On me reproche de ne pas avoir monté un dossier solide, de m’être contredite dans mes témoignages et d’avoir manqué de clarté — en somme, je ne suis pas une victime idéale, car je n’ai pas appelé les policiers immédiatement après les événements pour qu’ils mènent une enquête. J’ai laissé le temps passer et ai finalement déposé une plainte privée au Directeur des poursuites criminelles et pénales, ce qui m’a obligée à construire ma preuve.
Tout au long de cette période, j’ai douté. J’ai perdu le contrôle sur ma propre vie. Les limites de ce qui est acceptable ont été maintes fois franchies. Lorsqu’on me pose des questions et que je ne sais pas quoi répondre, j’ai l’impression de ne plus m’appartenir, d’appartenir à tout le monde en même temps. C’est pour la même raison que j’ai décidé d’être escorte. Le monde du sexe est à la fois mystérieux et moraliste.

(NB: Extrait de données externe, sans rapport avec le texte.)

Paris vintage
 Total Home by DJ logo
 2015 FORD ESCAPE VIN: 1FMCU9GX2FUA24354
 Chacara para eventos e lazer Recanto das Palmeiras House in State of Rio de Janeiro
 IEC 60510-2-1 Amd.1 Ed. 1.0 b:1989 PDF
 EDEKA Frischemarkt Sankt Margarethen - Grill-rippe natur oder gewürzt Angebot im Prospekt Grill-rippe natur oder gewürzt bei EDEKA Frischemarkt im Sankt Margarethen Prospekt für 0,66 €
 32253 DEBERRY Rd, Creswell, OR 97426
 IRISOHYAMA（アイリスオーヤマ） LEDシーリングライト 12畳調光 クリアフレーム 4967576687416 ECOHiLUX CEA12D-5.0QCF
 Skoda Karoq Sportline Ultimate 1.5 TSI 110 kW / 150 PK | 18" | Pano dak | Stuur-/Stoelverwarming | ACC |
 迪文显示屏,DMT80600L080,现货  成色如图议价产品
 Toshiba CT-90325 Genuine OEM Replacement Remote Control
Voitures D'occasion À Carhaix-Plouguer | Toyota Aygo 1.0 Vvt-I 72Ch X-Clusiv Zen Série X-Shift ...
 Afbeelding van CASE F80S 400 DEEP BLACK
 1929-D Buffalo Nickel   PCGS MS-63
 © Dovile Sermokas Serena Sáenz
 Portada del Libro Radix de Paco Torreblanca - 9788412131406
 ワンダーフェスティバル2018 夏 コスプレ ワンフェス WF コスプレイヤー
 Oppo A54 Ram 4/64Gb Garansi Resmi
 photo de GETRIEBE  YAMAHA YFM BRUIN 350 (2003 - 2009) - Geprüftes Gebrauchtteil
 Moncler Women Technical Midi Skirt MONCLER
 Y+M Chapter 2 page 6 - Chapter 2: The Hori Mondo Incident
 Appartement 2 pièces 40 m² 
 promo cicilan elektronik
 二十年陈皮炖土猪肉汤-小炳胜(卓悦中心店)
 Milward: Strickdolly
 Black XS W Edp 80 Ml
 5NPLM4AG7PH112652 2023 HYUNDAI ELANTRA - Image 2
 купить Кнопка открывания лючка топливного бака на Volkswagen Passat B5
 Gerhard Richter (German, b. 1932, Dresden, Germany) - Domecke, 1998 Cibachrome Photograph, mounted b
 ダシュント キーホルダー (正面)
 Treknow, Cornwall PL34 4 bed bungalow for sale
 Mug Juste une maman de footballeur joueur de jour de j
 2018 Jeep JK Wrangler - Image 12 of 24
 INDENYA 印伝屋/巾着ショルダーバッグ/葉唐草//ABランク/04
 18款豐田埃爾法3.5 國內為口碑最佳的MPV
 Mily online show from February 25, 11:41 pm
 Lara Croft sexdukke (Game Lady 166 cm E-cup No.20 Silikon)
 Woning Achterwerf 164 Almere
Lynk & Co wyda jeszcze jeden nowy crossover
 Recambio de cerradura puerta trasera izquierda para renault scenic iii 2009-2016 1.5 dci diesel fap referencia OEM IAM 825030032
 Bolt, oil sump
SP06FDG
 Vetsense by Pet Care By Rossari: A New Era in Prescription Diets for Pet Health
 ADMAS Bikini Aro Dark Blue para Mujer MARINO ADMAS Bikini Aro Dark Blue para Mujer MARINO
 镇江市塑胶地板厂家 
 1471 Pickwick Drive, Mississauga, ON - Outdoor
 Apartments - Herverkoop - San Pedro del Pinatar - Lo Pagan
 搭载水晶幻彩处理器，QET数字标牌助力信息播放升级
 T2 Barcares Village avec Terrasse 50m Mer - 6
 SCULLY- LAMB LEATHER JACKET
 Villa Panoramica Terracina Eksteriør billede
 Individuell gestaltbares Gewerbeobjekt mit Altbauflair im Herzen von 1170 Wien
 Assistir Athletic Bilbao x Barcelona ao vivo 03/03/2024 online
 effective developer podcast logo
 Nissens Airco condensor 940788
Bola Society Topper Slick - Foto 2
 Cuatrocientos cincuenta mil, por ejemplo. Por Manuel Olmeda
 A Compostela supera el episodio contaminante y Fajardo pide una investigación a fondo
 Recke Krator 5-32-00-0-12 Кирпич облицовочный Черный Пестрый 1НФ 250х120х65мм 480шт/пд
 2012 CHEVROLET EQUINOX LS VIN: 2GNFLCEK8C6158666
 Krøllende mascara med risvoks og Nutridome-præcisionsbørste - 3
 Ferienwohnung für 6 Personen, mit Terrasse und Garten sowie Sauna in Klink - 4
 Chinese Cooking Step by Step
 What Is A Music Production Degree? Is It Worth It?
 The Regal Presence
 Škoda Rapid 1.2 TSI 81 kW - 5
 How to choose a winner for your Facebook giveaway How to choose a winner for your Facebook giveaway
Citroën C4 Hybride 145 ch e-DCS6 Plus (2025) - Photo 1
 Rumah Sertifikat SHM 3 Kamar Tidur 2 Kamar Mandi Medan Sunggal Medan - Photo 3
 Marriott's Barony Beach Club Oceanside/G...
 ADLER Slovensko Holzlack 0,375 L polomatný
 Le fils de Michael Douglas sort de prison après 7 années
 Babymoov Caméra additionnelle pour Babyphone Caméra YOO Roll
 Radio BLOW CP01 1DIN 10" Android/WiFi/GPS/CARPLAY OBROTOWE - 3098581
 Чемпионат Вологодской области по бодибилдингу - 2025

Et maintenant, c’est au nom d’un sensationnalisme débridé et d’une défense bornée du statu quo que je me vois condamnée, réduite à presque rien. Que ce soit par des discours qui alimentent les préjugés sur la prostitution ou par une critique de mes habitudes de vie, on m’a fait honte — pour avoir osé parler, pour avoir nommé cette blessure collective qu’on cherche savamment à dissimuler, pour sauver les apparences et maintenir une ambiance sereine.
On peut se demander ce que je retire d’un exercice aussi éprouvant, dans lequel ma réputation et mon intégrité ont été fréquemment bafouées. Je trouve une source inépuisable d’inspiration avec ces femmes qui ont eu le courage de dénoncer auparavant, en lisant les multiples témoignages que je reçois, qui me permettent de constater notre nombre, de reconnaître que dans ce combat je ne serai jamais seule — nous ne serons jamais seules. Que le député libéral Pierre Paradis ait été récemment visé par une plainte pour « inconduite sexuelle » montre bien que le problème est large, immense, et qu’il doit être affronté avec toutes les forces en présence.
Ce qui s’est passé dans cette chambre ne concerne maintenant que moi, Gerry Sklavounos et le Québec en entier.
Le combat s’annonce long et tortueux, mais je suis déterminée à le mener au nom de toutes celles qui souffrent dans le silence, qui ne dénoncent pas par peur des représailles ou de l’opprobre public — tant et aussi longtemps que notre système juridique et nos moeurs n’accorderont pas aux survivantes de viol un traitement décent, il nous faudra scander haut et fort nos slogans, et surtout mener fièrement notre lutte, ici et maintenant.